**Records supplied:**

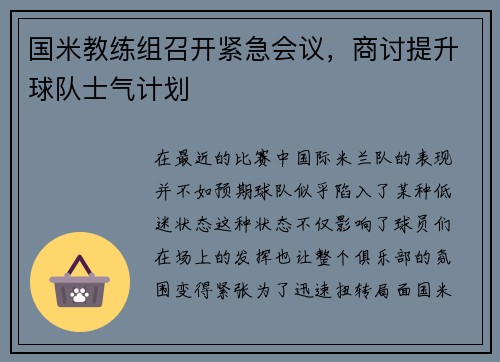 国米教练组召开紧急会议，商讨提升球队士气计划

---

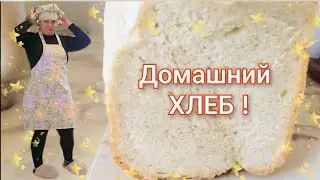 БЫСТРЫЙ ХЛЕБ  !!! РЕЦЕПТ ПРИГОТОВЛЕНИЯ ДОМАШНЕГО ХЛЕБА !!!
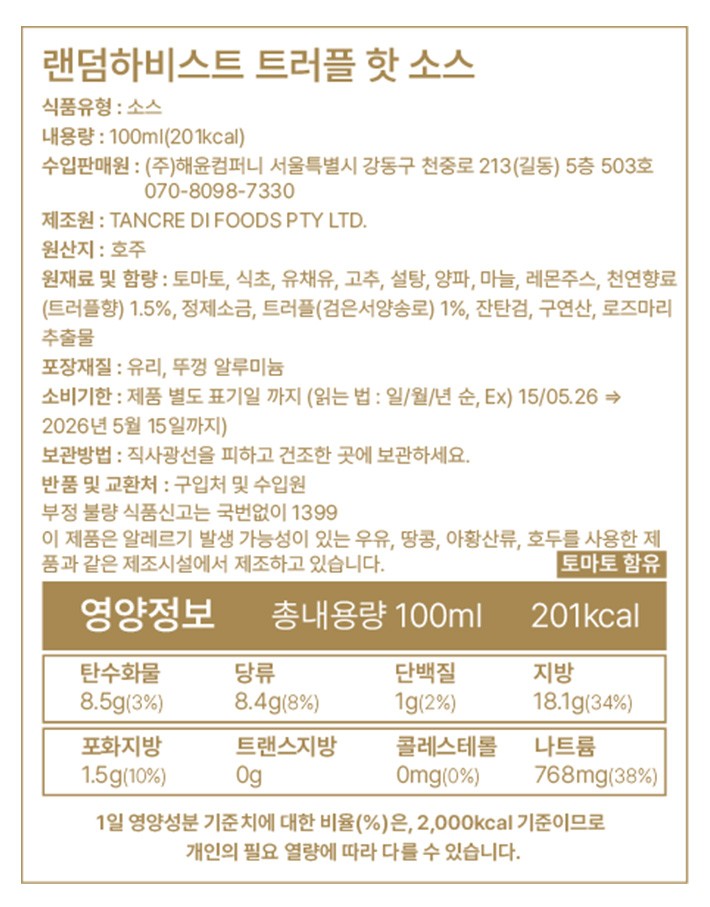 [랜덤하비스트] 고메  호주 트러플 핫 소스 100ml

**Work task:** Find the line with "ДОМАШНЕГО ХЛЕБА !!!" in the entries above. Set down exactly every line from it up to and including the line with "트러플 핫 소스 100ml", images excluded.

**Answer to the exercise:**
 БЫСТРЫЙ ХЛЕБ  !!! РЕЦЕПТ ПРИГОТОВЛЕНИЯ ДОМАШНЕГО ХЛЕБА !!!
 [랜덤하비스트] 고메  호주 트러플 핫 소스 100ml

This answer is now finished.